Determine The Integer To Make The Following Statement True:$\[ 12 - \Delta = 22 \\]A. 10 B. 12 C. \[$-10\$\] D. No Solution.

Introduction

Mathematical equations are a fundamental part of mathematics, and solving for unknown variables is a crucial skill that every student should possess. In this article, we will focus on solving for an unknown integer in a simple mathematical equation. We will use the given equation $12 - \Delta = 22$ to determine the value of the unknown integer $\Delta$. Our goal is to find the correct answer among the options provided.

Understanding the Equation

The given equation is $12 - \Delta = 22$. To solve for $\Delta$, we need to isolate the variable on one side of the equation. We can do this by adding $\Delta$ to both sides of the equation, which will cancel out the negative sign and leave us with the value of $\Delta$.

Step 1: Add $\Delta$ to Both Sides of the Equation

When we add $\Delta$ to both sides of the equation, we get:

$$12 - \Delta + \Delta = 22 + \Delta$$

The $\Delta$ terms cancel out, leaving us with:

$$12 = 22 + \Delta$$

Step 2: Subtract 22 from Both Sides of the Equation

To isolate $\Delta$, we need to get rid of the 22 on the right-hand side of the equation.
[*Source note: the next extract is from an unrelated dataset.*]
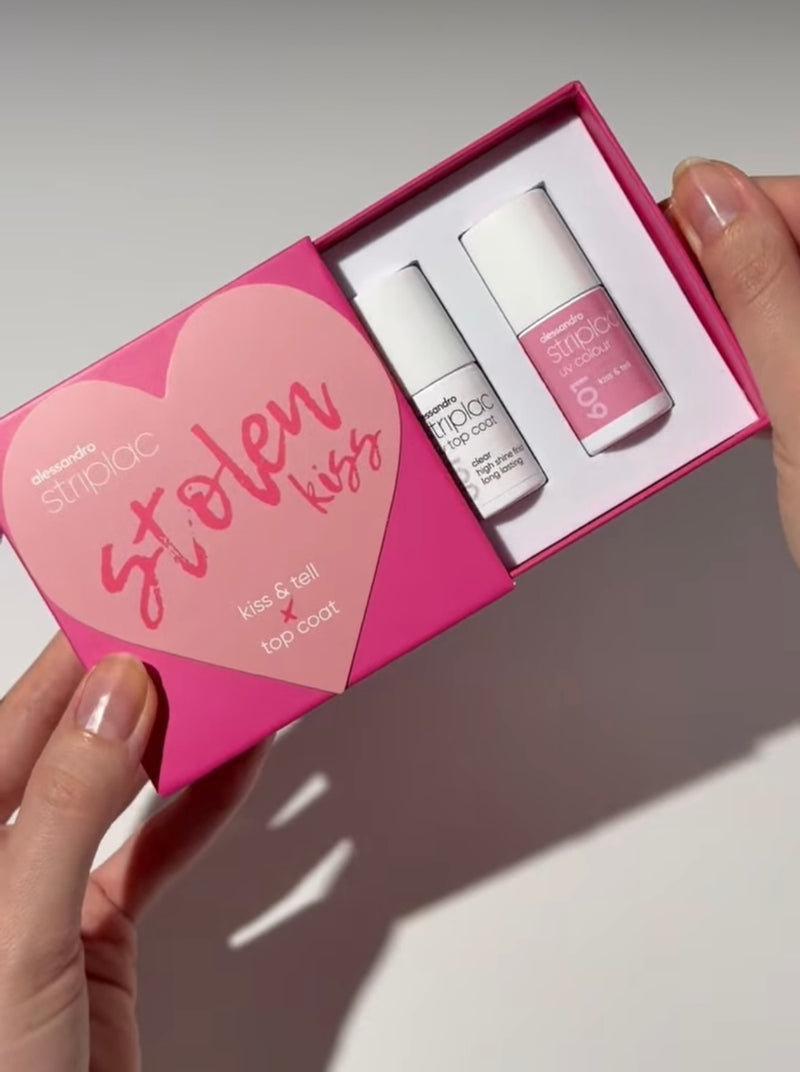 Alessandro stolen kiss set limited edition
We can do this by subtracting 22 from both sides of the equation:

$$12 - 22 = 22 + \Delta - 22$$

This simplifies to:

$$-10 = \Delta$$

Conclusion

Based on our calculations, we have found that the value of $\Delta$ is $-10$. This means that the correct answer is:

C. $-10$

Why is this the Correct Answer?

To verify that our answer is correct, let's plug in the value of $\Delta$ back into the original equation:

$$12 - (-10) = 22$$

Simplifying this expression, we get:

$$12 + 10 = 22$$

Which is indeed true. Therefore, we can conclude that the correct answer is indeed $-10$.
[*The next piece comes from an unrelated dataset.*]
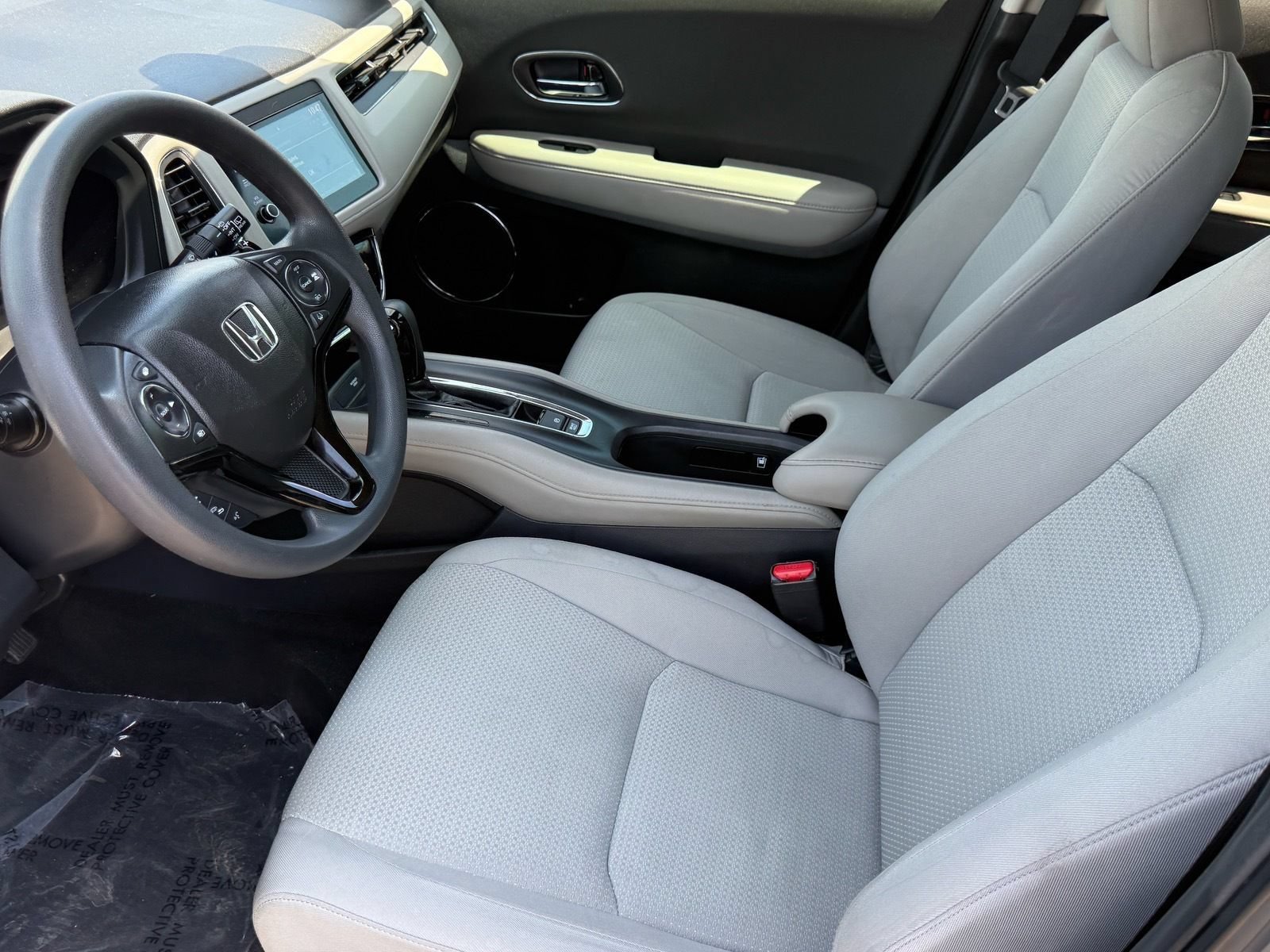 Used 2020 Honda HR-V EX image 13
What if there was no solution?

In some cases, it may be possible that there is no solution to the equation. This can happen when the equation is inconsistent, meaning that it is impossible to satisfy the equation with any value of the variable. In such cases, the correct answer would be:

D. No solution

However, in this case, we have found a clear solution to the equation, which is $-10$.

Conclusion

$$$$$$$$

Introduction

In our previous article, we solved for the unknown integer $\Delta$ in the equation $12 - \Delta = 22$. We found that the value of $\Delta$ is $-10$, which is the correct answer among the options provided. In this article, we will provide a Q&A section to help clarify any doubts or questions that readers may have.

Q: What is the difference between an equation and an expression?

A: An equation is a statement that says two mathematical expressions are equal, whereas an expression is a group of numbers, variables, and mathematical operations. For example, $2x + 3$ is an expression, while $2x + 3 = 5$ is an equation.

Q: How do I know if an equation is true or false?

A: To determine if an equation is true or false, you need to check if the equation is consistent. If the equation is consistent, it means that there is a solution to the equation, and you can find the value of the variable. If the equation is inconsistent, it means that there is no solution to the equation, and it is false.

Q: What is the order of operations in solving an equation?

A: The order of operations in solving an equation is:

1. Parentheses: Evaluate expressions inside parentheses first.
2. Exponents: Evaluate any exponential expressions next.
3. Multiplication and Division: Evaluate any multiplication and division operations from left to right.
4. Addition and Subtraction: Finally, evaluate any addition and subtraction operations from left to right.

Q: How do I isolate a variable in an equation?

A: To isolate a variable in an equation, you need to get the variable by itself on one side of the equation. You can do this by adding or subtracting the same value to both sides of the equation, or by multiplying or dividing both sides of the equation by the same non-zero value.

Q: What is the difference between a linear equation and a quadratic equation?

A: A linear equation is an equation in which the highest power of the variable is 1, while a quadratic equation is an equation in which the highest power of the variable is 2. For example, $2x + 3 = 5$ is a linear equation, while $x^2 + 2x + 1 = 0$ is a quadratic equation.

Q: How do I solve a quadratic equation?

A: To solve a quadratic equation, you can use the quadratic formula:

$$x = \frac{-b \pm \sqrt{b^2 - 4ac}}{2a}$$

where $a$, $b$, and $c$ are the coefficients of the quadratic equation.

Q: What is the significance of the variable in an equation?

A: The variable in an equation represents a value that is unknown or changing. The variable is often represented by a letter, such as $x$ or $y$. The variable is used to solve for the value of the unknown quantity.

Conclusion

In conclusion, we have provided a Q&A section to help clarify any doubts or questions that readers may have about solving for the unknown integer in a mathematical equation. We have discussed the difference between an equation and an expression, the order of operations in solving an equation, and how to isolate a variable in an equation. We have also discussed the difference between a linear equation and a quadratic equation, and how to solve a quadratic equation using the quadratic formula.